- Edit (TBD)
Description
This route takes off from the notch between the tower and the main wall. IT starts with a 90 foot seam, followed by broken free climbing to the summit.
The aid seem is perfect for peckers and thin pins (at the moment). We only had 4 of such, so we were forced to do like 15-25 feet of climbing (occasional other gear) then place a bolt, lower and clean, and repeat the process. That said, there are like 4 bolts on the first pitch to break up the seem. It could be done on nothing but peckers, but the worst rock is at the very top so, well, wear a hat!

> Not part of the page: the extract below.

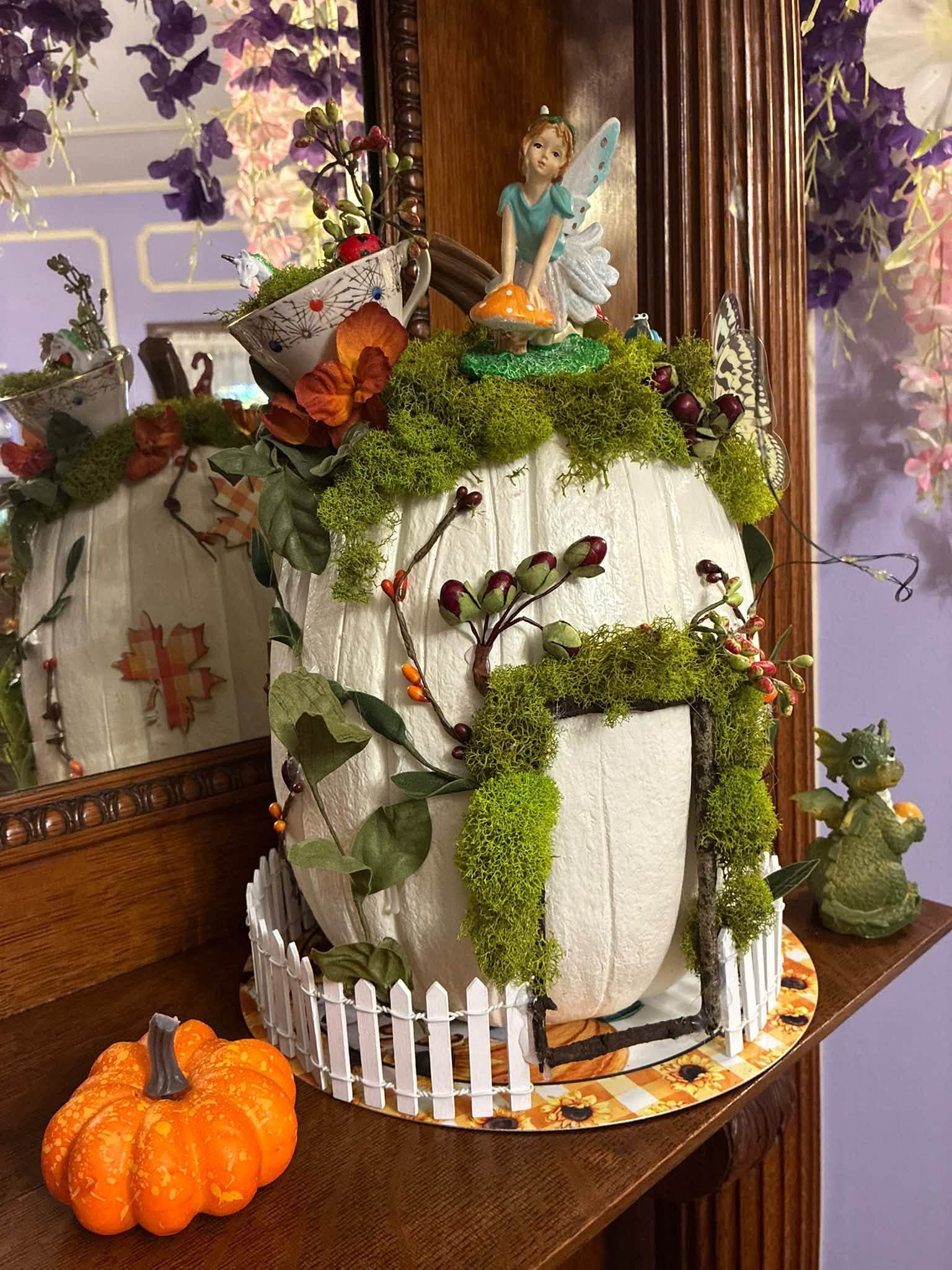Monthly Tea Club Meeting- Pumpkin Decorating for a Fairy Garden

The very last moves of the second pitch require heavy use of the teetery block seen on the right side of the summit in Brads video. Its a bit disconcerting. Again, wear a hat and try not to piss it off.
P1 = Directly across from the rappel climb the seem to a ledge that has two bolts. ONe bolt is bad... it went in funky. Sorry. IT can be backed up.
P2 = Climb up and left past a bolt to a very committing (ankles away) slab move. Like 9+ or 10-, but a bit soft and with ramifications. Follow a corner, traverse across the ledge, climb through some choss and up an arete to the teetery block. We had a name for it that hopefully Brad can remember. Pull real hard to get past the thing onto the summit ledge.
You have to do a boulder problem to actually top out, then reverse it to get back to the rappel/tyrolean ledge.
Location
The permanantly shady side of Amazon Tower.
Protection
Lots of thin gear, a set of nuts, a complete set or two of cams, a few quickdraws, and a sense of humor.